**Records from a dataset**
★ ★ ★ ★

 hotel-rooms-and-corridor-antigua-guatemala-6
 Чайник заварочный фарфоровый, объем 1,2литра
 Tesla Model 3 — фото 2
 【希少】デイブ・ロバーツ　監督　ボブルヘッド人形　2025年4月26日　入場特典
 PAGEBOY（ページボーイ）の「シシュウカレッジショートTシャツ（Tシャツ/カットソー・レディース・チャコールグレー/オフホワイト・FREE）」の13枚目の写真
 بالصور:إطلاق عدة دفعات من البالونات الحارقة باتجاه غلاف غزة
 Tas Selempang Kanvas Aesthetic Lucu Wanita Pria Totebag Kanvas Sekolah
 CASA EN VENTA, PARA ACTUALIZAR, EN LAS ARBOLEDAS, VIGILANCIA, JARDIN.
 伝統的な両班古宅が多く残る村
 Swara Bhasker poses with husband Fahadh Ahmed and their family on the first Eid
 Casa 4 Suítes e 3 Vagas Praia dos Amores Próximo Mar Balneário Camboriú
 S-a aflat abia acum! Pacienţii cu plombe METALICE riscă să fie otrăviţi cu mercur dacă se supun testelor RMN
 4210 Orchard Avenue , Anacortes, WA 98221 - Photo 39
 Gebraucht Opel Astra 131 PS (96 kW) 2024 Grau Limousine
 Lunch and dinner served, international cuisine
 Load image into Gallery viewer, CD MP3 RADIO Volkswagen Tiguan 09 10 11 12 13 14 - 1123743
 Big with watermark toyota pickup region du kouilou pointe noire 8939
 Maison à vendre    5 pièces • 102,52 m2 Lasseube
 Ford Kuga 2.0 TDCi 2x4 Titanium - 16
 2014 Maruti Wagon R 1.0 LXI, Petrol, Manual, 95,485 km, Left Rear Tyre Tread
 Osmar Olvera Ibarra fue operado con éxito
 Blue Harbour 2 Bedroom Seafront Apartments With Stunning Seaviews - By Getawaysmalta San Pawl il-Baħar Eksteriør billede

★ ★ ★ ★

**Assigned task**
The lines above starting at the one that contains "Чайник заварочный фарфоровый, объем 1,2литра" and ending at the one that contains "بالصور:إطلاق عدة دفعات" must be transcribed exactly, and no other lines may appear.

**Response**
 Чайник заварочный фарфоровый, объем 1,2литра
 Tesla Model 3 — фото 2
 【希少】デイブ・ロバーツ　監督　ボブルヘッド人形　2025年4月26日　入場特典
 PAGEBOY（ページボーイ）の「シシュウカレッジショートTシャツ（Tシャツ/カットソー・レディース・チャコールグレー/オフホワイト・FREE）」の13枚目の写真
 بالصور:إطلاق عدة دفعات من البالونات الحارقة باتجاه غلاف غزة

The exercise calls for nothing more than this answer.